THE PROTECTIVE POTENCY OF VITAMINS E AND C IN METHANOL-INDUCED OXIDATIVE STRESS AND RETINOTOXICITY

The protective effects of vitamins E and C against methanol-induced free radical production with its subsequent tissue injury in liver and retina of male albino rats were assessed. The rats were divided into four groups: (1) control, (2) antioxidant (Ao) control group receiving 5 mg of each vitamin, E and C, (3) daily ip-injected methanol (2 mL/kg b.wt.) group, killed after three and six doses, and (4) Ao/methanol group administered the vitamins 3 weeks prior to and along with methanol injection and killed as the latter group [Sharpe et al. Methanol Optic Neuropathy: A Histopathological Study. Neurology 1982, 32 (10), 1093–1100]. Methyl alcohol drastically altered the Ao defense system and energy status of rat liver, where highly significant depletion of glutathione levels and inhibition of superoxide dismutase activity, concurrent with significant increase in thiobarbituric acid reactive substances indicating marked elevation in lipid peroxidation. These effects were reversed when the vitamins were administered denoting their role in promoting the Ao defense system. Furthermore, they also increased the methanol-induced depletion in adenylate energy charge, phosphate potential, and ATP values. The amelioration in the energy status as a result of vitamins E and C supplementation suggests that their role as Aos is effective in relieving the impaired oxidative phosphorylation in order to increase the energy demand under physiologically stressful conditions. Histopathological and ultrastructural results of rat retina confirmed the protective effect of Ao vitamins. As compared to the methanol-intoxicated group, the protected group showed preservation of the membranous structures of the retinal cells, especially mitochondria that assumed their normal shape. This may be attributed to the inhibition of free radical production and lipid peroxidation and subsequently minimum degree of tissue damage. Amelioration of mitochondrial structure reflected the improvement of impaired oxidative phosphorylation of intoxicated animals with an approximately normal level of energy demand. This suggests that Ao vitamins may alter the retinotoxic effects of methanol by promoting the internal Ao defense system and preserving the energy status of the animal.
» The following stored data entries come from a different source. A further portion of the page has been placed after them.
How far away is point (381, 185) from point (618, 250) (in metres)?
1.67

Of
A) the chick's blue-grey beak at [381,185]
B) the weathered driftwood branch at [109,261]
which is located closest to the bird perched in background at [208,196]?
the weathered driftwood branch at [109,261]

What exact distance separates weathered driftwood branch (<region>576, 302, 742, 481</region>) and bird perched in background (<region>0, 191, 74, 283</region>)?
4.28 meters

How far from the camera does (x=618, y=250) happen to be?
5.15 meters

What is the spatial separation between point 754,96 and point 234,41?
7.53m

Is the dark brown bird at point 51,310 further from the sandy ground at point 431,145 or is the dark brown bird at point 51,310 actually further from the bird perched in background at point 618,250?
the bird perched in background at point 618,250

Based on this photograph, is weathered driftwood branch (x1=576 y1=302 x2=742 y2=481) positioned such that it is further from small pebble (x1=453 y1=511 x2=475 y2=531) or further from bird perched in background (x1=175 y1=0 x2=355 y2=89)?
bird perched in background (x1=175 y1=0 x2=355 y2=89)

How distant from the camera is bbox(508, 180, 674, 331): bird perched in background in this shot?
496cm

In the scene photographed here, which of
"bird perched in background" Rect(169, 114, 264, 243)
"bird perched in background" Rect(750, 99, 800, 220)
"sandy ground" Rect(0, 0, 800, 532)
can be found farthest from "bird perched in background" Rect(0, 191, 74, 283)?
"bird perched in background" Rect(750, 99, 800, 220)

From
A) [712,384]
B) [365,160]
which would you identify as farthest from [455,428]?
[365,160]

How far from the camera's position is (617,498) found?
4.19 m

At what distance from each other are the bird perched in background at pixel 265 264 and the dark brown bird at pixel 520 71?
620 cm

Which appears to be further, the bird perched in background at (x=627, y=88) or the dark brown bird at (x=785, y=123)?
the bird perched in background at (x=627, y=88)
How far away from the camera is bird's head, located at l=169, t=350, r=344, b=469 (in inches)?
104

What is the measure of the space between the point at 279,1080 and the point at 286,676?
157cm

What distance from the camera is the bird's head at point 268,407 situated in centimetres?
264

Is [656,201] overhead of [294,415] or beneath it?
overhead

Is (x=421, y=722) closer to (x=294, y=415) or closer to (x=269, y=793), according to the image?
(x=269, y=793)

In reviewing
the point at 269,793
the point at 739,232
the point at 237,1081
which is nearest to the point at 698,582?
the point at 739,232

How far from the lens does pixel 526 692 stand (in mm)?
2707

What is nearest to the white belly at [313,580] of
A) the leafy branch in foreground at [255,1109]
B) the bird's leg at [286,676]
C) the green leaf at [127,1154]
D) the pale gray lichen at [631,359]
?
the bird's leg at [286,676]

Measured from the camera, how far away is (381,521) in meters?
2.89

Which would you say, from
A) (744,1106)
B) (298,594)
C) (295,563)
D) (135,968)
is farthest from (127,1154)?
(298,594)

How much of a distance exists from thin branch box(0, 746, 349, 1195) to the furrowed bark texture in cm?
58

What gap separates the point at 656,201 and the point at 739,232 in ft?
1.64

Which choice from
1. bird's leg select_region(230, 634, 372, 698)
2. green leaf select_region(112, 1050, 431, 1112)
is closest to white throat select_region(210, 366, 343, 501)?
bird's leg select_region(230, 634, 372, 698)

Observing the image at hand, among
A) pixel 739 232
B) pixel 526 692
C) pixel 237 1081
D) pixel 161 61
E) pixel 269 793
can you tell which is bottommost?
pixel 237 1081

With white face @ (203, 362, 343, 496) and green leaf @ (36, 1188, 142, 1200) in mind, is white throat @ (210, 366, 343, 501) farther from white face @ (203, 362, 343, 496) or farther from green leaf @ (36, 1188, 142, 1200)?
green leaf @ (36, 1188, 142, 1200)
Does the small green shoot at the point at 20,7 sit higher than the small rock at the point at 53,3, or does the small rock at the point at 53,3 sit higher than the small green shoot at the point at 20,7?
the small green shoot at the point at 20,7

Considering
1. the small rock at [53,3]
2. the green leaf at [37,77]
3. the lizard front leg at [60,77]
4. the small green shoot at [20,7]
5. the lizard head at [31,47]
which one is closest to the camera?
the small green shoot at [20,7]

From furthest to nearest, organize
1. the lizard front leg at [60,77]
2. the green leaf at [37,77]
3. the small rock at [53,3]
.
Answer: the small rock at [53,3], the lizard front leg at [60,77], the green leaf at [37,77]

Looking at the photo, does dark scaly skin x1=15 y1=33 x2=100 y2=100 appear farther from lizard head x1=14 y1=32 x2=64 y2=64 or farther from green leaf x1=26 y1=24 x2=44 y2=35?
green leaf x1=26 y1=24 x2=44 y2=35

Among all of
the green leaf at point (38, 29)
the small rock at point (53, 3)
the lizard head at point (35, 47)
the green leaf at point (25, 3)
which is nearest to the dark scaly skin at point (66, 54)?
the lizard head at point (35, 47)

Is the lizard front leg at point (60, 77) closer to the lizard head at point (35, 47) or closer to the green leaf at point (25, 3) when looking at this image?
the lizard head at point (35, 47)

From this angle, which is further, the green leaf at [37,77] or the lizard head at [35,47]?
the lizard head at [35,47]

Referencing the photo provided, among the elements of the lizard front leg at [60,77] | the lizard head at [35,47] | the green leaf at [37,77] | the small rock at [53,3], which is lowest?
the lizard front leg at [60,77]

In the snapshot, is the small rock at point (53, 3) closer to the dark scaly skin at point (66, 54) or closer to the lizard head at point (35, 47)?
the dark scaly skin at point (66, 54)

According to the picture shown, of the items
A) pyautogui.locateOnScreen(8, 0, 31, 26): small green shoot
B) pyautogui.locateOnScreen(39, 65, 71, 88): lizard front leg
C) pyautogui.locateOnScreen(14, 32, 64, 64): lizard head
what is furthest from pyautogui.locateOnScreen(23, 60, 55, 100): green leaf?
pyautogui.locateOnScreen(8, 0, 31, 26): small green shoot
Lipidemic effect of methanol

The effect of methanol on some of the lipid components in serum was studied in rats. Methanol was administered by stomach tube in doses of 2 and 6 ml/kg b.wt daily for 21 and 6 days, respectively. Methanol was found to accumulate lipids; thus, cholesterol, phospholipids and triglycerides increased significantly. Concurrently, modification of the lipoid content of organs has been considered. It was concluded that methanol and not only formate, is toxic to rats, inspite of the alleged difference in routes of its metabolism in primates and rodents.